Keio University Roof Garden
A contemporary rooftop garden that uses a tiled field to recreate natural planting patterns.
The most visible impact of computational design techniques on the design of landscapes is often in the formal treatment of ‘hard’ surfaces or structures — street furniture, paving elements, pavilions, and other items. As manufactured and constructed artefacts, these elements can draw from the design and fabrication techniques typically developed in other disciplines.

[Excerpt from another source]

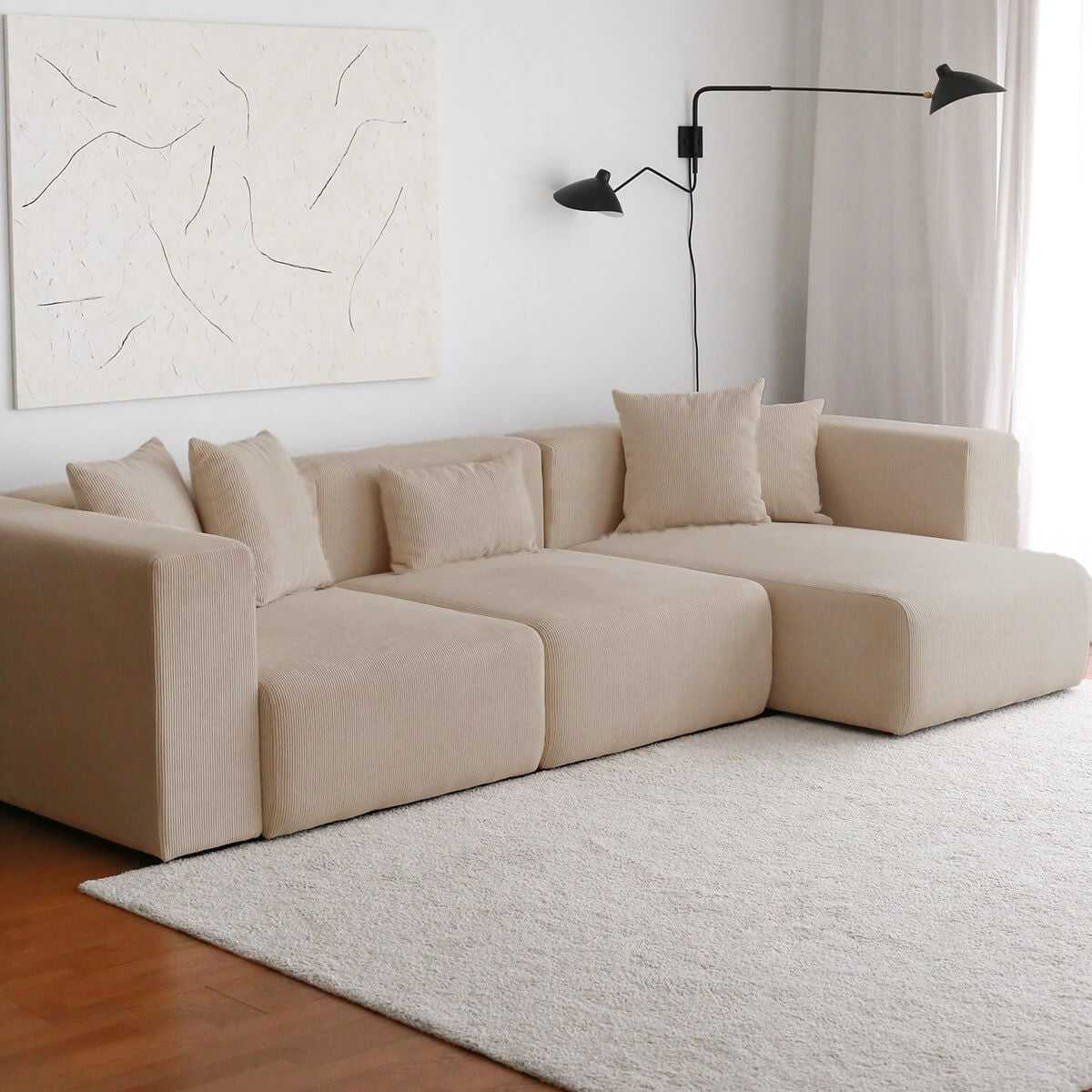 Sofá de canto elegante, veludo bege, 110 x 68 x 305 cm | Estrutura 100% ferro, almofadas de espuma macia e penas, inclui 6 travesseiros | Perfeito para espaços modernos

For example, the Keio University Roof Garden employs a ‘field’ technique whereby the radii of a parametrically-defined grid of circles grows in response to an image. This image is initially read as 2D grid of pixels that are then transposed on to the site model so that each grid point can ‘sample’ the brightness of the corresponding pixels on the original image. The apertures that result from these grid-samples become voids within the paving grid and are either used for planting beds or extruded as cylinders that function as seating.1
The resulting aesthetic is one of a smoothly differentiated surface with semi-enclosed areas that reflects the form of a braided river in plan; an image used to drive the geometric layout:
“One slips into this space, drifting along on the feelings aroused by the water and the light, playing on the same logic. There is no clear separation here (nor was there in Noguchi’s garden) between voids and solids. This composition plays with successive planes and textures of variable densities. The even punctuation of the ground gives cadence to these variations. This is a small structure that organizes textures, porosities, densities, and transparencies—the material and the complex spaces, just as in a natural landscape.”2
The project’s goals are a productive contradiction: a desire for a roof garden — a tightly bounded and highly sculpted landscape — that at the same time displays some of the rich variety and dynamism that characterise a traditional Japanese garden. The definition and model provided also demonstrate some of the capacity for variation inherent to the parametric model itself, as basic variables (such as tile depth, dimensions, planting palette, etc) are easily modified. At the same time the use of the interpolated image map allows for a more expressive mode whereby the tile pattern can be altered by manipulating the source image by applying either filter effects (i.e. tweaking the overall brightness or contrast) or through specific edits (i.e. using brush tools in Photoshop).